The problem
Look below for the line containing "go with the flow" and the line containing "Nostalgia in reverse, the"; repeat exactly those two lines and all lines between them, and nothing else.

Short descriptive text snippets
════

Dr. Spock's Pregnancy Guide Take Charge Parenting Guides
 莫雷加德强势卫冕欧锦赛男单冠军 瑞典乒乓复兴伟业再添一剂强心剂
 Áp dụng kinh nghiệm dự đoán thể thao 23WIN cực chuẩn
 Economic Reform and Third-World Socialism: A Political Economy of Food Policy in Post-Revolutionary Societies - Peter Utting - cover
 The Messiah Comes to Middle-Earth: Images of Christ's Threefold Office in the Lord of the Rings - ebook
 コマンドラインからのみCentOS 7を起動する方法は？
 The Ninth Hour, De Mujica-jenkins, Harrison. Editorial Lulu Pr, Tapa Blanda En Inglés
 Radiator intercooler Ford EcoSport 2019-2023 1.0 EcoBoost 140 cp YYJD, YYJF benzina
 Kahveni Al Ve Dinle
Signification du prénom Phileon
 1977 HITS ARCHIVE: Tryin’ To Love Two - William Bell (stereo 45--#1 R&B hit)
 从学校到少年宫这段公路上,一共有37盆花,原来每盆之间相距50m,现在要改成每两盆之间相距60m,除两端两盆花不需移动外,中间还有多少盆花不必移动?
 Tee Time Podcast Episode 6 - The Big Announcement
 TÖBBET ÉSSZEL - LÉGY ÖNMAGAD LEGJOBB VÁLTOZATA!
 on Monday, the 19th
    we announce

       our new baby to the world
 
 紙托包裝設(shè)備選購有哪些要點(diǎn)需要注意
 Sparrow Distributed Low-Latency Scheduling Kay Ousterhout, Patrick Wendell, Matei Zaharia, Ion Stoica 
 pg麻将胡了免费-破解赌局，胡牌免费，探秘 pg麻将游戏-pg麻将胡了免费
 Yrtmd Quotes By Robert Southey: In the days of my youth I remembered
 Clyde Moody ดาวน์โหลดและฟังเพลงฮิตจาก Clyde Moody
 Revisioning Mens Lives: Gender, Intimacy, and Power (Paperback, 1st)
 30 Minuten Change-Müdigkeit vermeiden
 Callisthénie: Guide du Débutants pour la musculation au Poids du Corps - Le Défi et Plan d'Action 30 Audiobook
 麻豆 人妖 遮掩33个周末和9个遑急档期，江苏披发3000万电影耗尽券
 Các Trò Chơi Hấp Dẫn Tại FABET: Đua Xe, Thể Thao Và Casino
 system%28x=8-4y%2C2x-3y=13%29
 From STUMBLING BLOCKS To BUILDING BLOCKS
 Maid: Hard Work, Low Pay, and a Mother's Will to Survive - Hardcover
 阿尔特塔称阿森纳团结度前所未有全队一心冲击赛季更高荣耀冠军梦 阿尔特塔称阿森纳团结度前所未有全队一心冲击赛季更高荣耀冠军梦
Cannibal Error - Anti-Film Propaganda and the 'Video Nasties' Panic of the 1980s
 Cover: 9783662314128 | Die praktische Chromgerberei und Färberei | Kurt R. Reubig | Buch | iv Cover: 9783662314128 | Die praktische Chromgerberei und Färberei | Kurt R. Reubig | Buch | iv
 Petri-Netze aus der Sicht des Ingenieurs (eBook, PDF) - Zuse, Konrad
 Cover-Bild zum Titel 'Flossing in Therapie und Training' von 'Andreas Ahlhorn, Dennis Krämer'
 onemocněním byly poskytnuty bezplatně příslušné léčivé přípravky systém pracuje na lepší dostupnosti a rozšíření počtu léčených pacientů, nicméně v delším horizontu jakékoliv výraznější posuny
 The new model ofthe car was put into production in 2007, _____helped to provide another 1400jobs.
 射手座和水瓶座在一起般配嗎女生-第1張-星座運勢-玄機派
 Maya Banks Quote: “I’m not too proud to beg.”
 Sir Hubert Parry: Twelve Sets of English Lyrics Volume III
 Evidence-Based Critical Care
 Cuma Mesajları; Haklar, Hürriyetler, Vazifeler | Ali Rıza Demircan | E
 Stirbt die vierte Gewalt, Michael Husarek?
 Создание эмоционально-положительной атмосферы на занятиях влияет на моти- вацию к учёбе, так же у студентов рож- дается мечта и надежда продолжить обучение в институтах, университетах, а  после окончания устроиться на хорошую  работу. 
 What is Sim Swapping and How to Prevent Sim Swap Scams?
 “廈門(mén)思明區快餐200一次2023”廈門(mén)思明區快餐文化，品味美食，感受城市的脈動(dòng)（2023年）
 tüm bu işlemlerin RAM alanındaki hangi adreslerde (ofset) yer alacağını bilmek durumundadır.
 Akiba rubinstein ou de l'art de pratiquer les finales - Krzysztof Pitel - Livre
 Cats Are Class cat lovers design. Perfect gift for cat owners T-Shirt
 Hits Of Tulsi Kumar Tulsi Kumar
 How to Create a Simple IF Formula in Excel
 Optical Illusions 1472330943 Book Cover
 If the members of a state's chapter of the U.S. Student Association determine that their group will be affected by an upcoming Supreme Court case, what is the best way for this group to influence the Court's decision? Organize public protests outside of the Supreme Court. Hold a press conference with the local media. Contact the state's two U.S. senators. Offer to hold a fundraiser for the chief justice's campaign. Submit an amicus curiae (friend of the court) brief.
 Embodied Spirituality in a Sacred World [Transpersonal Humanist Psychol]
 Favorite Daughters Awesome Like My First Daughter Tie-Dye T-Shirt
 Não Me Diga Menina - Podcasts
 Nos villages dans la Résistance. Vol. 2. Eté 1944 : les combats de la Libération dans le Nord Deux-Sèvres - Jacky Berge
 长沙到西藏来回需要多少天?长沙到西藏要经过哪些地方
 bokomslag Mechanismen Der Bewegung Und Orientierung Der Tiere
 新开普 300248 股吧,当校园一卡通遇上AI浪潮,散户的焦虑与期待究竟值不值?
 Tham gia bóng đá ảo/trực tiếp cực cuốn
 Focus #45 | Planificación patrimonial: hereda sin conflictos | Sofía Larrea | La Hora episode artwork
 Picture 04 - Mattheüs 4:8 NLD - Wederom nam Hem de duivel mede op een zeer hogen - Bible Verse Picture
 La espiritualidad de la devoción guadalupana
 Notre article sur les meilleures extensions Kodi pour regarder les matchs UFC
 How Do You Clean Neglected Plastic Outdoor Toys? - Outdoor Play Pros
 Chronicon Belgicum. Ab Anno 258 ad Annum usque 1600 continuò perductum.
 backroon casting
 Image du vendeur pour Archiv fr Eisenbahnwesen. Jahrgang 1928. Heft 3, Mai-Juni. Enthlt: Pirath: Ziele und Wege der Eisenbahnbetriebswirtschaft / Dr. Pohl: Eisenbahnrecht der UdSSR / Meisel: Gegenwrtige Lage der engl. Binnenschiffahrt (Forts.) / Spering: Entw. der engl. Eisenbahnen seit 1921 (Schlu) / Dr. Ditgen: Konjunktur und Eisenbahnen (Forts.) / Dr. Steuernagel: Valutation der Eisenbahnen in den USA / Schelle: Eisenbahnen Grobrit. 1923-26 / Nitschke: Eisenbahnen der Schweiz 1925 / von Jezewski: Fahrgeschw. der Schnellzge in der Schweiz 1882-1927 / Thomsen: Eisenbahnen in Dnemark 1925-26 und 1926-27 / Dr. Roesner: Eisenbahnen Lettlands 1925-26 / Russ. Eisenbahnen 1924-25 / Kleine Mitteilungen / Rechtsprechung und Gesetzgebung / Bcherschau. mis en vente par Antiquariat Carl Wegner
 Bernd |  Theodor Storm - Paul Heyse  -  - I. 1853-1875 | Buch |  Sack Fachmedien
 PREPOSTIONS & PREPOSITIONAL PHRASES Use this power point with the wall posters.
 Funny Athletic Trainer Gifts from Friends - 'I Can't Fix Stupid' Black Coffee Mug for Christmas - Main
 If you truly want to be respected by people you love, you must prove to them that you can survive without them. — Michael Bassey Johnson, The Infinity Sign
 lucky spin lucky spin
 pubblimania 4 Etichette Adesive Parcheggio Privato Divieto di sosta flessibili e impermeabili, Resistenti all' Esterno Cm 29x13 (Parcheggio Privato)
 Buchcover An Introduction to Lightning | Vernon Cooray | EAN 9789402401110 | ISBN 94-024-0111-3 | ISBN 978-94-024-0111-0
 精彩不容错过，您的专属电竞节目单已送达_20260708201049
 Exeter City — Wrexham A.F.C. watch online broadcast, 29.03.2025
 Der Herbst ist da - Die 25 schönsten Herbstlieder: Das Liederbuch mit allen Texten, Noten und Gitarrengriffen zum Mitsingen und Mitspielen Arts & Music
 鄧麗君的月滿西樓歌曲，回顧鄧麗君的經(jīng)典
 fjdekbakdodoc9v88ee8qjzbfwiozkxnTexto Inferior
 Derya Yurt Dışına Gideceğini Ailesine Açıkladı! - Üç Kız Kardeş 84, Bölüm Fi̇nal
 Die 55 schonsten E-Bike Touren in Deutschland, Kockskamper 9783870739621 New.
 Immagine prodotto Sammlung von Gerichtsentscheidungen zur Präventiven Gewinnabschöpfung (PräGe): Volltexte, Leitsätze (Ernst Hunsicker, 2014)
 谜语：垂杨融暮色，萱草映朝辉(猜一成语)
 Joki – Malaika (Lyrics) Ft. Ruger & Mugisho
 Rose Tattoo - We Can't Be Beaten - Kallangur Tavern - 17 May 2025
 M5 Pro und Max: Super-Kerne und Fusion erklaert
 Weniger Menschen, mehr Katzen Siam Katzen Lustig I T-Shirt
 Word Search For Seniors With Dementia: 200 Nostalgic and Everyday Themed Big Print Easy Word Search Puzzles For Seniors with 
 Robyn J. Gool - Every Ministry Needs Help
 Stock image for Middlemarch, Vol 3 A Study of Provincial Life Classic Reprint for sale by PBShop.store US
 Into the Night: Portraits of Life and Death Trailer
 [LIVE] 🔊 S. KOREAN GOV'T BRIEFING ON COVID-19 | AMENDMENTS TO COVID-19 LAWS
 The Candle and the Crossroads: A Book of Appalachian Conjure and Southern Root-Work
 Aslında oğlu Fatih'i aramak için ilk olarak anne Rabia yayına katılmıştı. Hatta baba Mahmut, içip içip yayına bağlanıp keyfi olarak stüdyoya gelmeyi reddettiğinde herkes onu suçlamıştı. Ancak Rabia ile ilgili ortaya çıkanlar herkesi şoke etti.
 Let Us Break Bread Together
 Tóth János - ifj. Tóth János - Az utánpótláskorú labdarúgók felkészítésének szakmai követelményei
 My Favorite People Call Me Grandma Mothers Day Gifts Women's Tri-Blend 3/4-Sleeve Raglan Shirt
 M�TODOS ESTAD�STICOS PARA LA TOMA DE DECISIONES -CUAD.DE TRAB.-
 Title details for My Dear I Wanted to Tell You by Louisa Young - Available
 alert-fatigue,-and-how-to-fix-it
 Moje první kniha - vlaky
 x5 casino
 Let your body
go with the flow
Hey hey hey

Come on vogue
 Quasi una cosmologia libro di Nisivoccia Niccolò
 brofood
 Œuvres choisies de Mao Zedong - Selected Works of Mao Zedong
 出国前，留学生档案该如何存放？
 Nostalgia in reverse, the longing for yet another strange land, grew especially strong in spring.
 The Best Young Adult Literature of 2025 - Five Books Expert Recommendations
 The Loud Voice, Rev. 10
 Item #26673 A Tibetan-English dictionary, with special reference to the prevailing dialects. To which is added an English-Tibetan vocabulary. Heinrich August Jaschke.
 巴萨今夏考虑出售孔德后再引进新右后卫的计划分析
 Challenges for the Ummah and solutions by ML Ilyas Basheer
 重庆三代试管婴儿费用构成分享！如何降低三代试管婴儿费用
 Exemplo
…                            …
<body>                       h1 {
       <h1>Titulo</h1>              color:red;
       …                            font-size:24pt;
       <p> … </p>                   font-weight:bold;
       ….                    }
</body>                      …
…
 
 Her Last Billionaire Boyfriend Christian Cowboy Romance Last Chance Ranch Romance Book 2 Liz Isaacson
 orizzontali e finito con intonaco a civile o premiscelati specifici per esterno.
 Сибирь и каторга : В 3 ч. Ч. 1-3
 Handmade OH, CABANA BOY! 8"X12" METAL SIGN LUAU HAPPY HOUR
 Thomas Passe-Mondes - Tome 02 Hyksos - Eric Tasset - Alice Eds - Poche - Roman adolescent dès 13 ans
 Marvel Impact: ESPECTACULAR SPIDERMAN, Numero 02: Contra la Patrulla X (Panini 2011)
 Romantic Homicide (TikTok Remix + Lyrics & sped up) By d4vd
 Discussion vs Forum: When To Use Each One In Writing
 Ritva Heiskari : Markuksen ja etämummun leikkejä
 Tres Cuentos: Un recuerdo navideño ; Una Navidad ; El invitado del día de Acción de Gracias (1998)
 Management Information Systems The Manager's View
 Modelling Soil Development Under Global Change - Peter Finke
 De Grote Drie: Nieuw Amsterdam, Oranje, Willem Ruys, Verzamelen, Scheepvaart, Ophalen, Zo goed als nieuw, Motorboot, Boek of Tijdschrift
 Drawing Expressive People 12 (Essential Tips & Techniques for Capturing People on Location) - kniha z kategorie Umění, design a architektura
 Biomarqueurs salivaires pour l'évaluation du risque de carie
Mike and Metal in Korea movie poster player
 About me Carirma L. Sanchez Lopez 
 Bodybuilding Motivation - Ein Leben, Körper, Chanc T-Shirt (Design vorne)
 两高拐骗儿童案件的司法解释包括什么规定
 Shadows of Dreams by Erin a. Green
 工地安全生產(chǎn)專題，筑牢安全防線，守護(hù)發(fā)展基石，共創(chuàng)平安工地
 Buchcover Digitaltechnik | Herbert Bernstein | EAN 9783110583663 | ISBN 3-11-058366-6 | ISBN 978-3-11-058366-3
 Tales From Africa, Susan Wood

════

Exercise output
go with the flow
Hey hey hey

Come on vogue
 Quasi una cosmologia libro di Nisivoccia Niccolò
 brofood
 Œuvres choisies de Mao Zedong - Selected Works of Mao Zedong
 出国前，留学生档案该如何存放？
 Nostalgia in reverse, the longing for yet another strange land, grew especially strong in spring.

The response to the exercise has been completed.